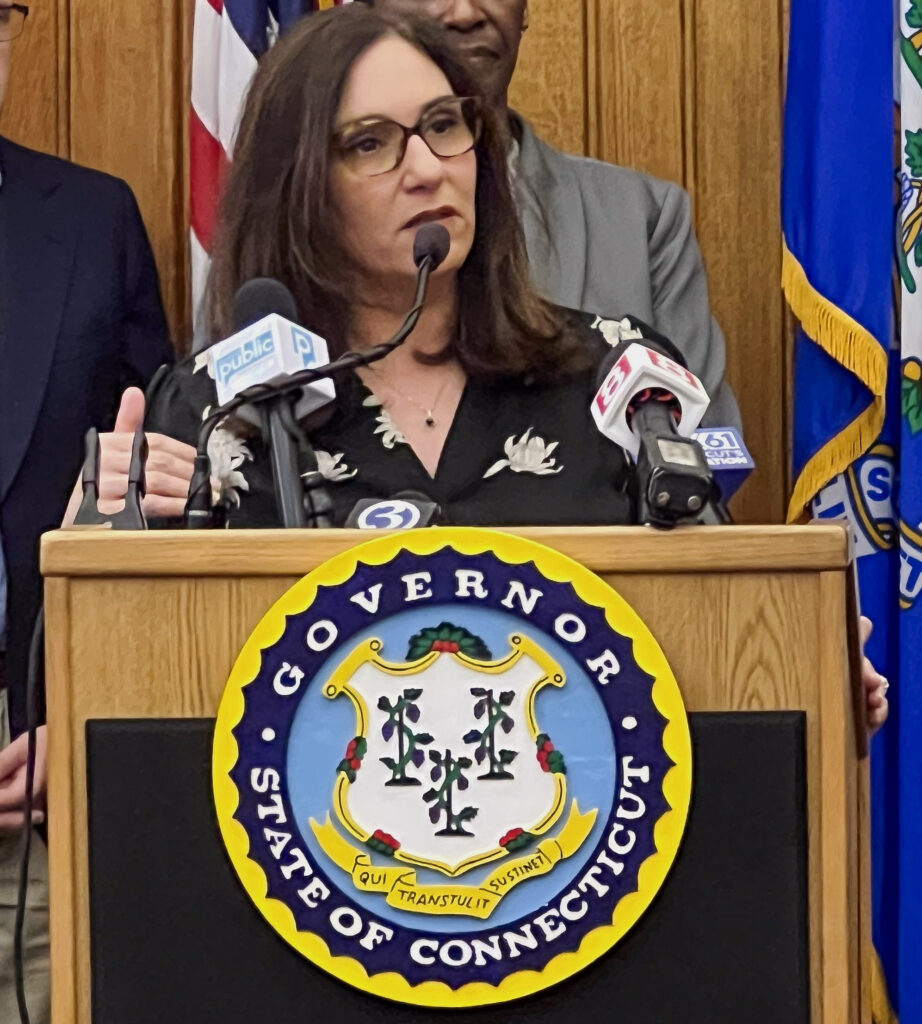 CEO Kara Capone speaking to a group of people at the Governor's podium, with the seal of the State of Connecticut over a black box.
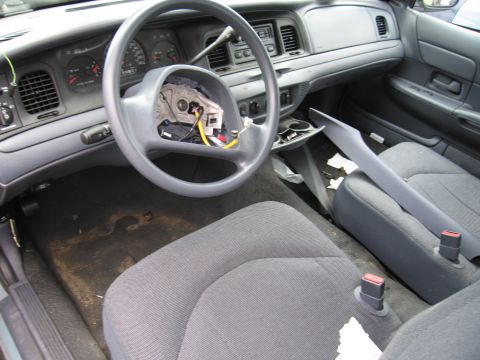 2001 Ford Crown Victoria - The interior of a 2001 Ford Crown Victoria shows a disassembled steering wheel and worn seats.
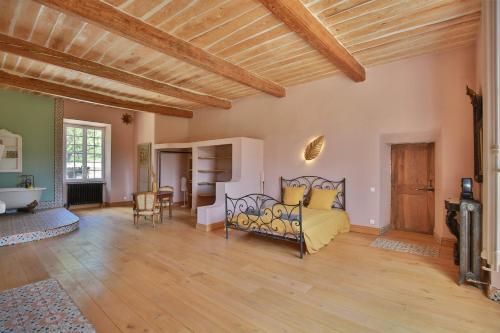 a bedroom with a bed in a room with wooden ceilings at Chambre d'hôtes Les Temps Heureux in Callian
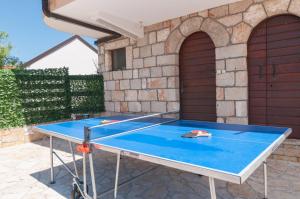 a ping pong table in front of a house at Holiday Home Mateovi Dvori in Imotski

- _TASK PROMPT_
Will you repeat the material above, but only from the line containing "a bedroom with" through its last line, exactly and without the pictures?

- _ANSWER BELOW_
 a bedroom with a bed in a room with wooden ceilings at Chambre d'hôtes Les Temps Heureux in Callian
 a ping pong table in front of a house at Holiday Home Mateovi Dvori in Imotski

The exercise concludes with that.